(Exercise aim):
Transcribe all of the data exactly. Images stay out.

(Dataset section):
....
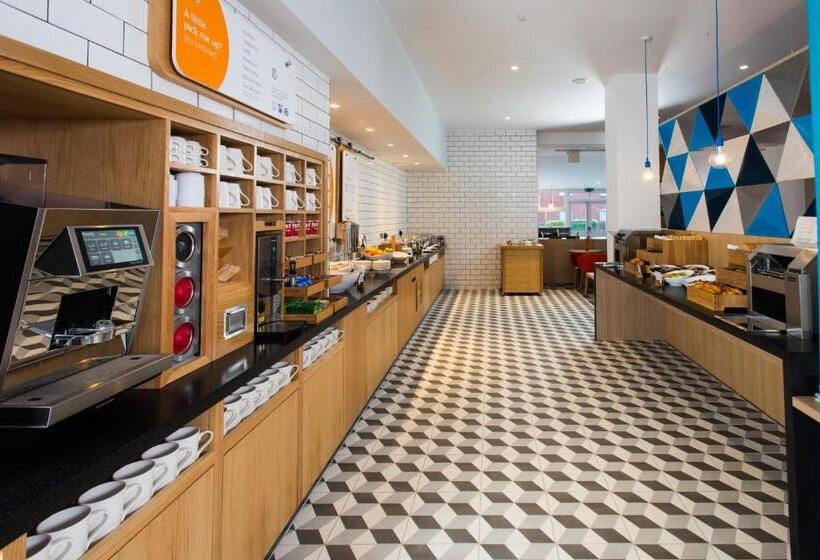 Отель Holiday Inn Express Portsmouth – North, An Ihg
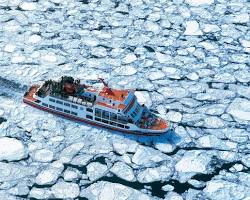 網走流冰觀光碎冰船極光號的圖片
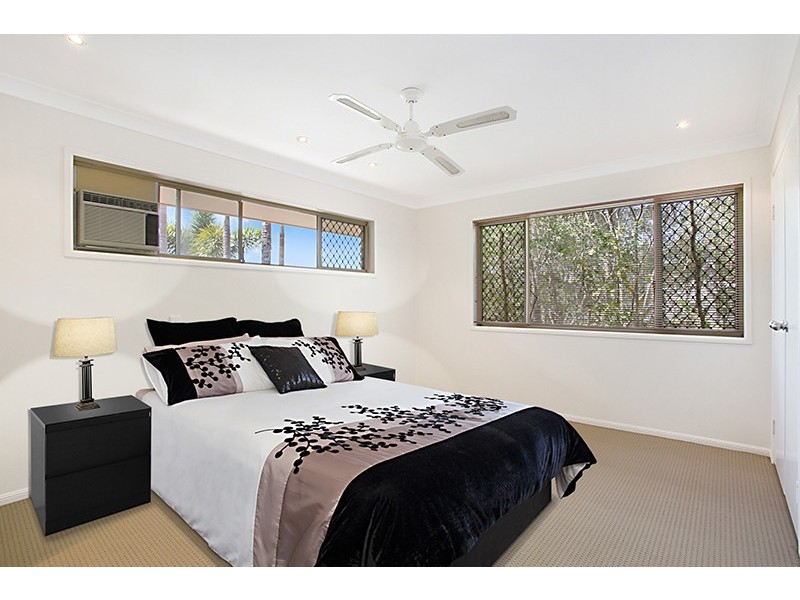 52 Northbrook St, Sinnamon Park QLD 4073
....
(Result for this task):
 Отель Holiday Inn Express Portsmouth – North, An Ihg
 網走流冰觀光碎冰船極光號的圖片
 52 Northbrook St, Sinnamon Park QLD 4073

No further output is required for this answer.